Opinion
2001-06405
Submitted December 16, 2002.
January 13, 2003.
In a juvenile delinquency proceeding pursuant to Family Court Act article 3, the petitioner appeals from an order of the Family Court, Kings County (Hepner, J.), dated June 6, 2001, which, after a hearing, and upon a decision of the same court, dated June 4, 2001, made after a hearing, determining the juvenile's motion to suppress physical evidence, dismissed the petition.
Michael A. Cardozo, Corporation Counsel, New York, N.Y. (Francis F. Caputo and Joseph I. Lauer of counsel), for appellant.
Kenneth J. Aronson, New York, N.Y., for respondent (no brief filed).
Before: ANITA R. FLORIO, J.P., CORNELIUS J. O'BRIEN, THOMAS A. ADAMS, STEPHEN G. CRANE, JJ.
DECISION ORDER
ORDERED that the order is affirmed, without costs or disbursements.

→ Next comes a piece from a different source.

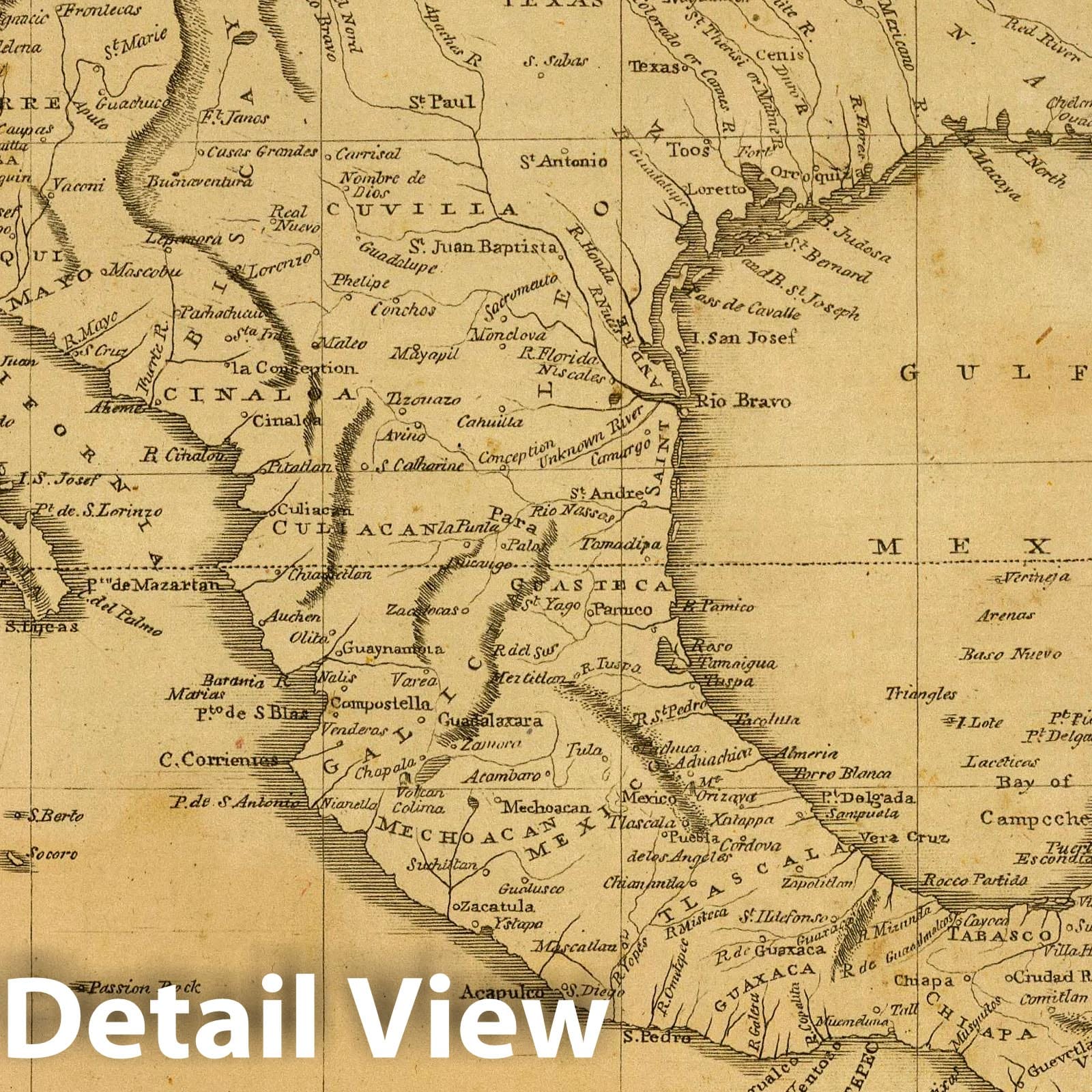 Spanish Dominions in North America - River Map, 1812 - Historical Map Print
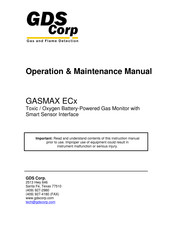 GDS GASMAX ECx Operation & Maintenance Manual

The respondent was arrested after the police found a handgun in a bookbag located in a parked car in which he was sitting. In addition to the weapon possession charges filed against the respondent, he was charged with possession of ammunition found in the jacket pocket of one of his fellow passengers following a search incident to their arrests. The Family Court, following a hearing, granted the respondent's motion to suppress physical evidence, including the handgun and ammunition.
The petitioner's contention that the respondent lacked standing to challenge the legality of the search of the bookbag is without merit, as the petitioner presented evidence that the bookbag belonged either to the respondent or to another person sitting in the car, in which case the statutory presumption would apply (see Penal Law § 265.15; People v. Millan, 69 N.Y.2d 514, 519; cf. People v. Wesley, 73 N.Y.2d 351, 360-361).
The Family Court properly granted the respondent's motion to suppress physical evidence. The police were not justified in removing the bookbag from the car and searching it after the occupants had already been removed from the car and patted down without incident. The evidence established nothing more than a suspicion of the presence of a gun, rather than "an actual and specific danger to the officers' safety sufficient to justify a further intrusion" (People v. Torres, 74 N.Y.2d 224, 231 n 4; cf. People v. Mundo, 99 N.Y.2d 55; People v. Carvey, 89 N.Y.2d 707, 712).
FLORIO, J.P., O'BRIEN, ADAMS and CRANE, JJ., concur.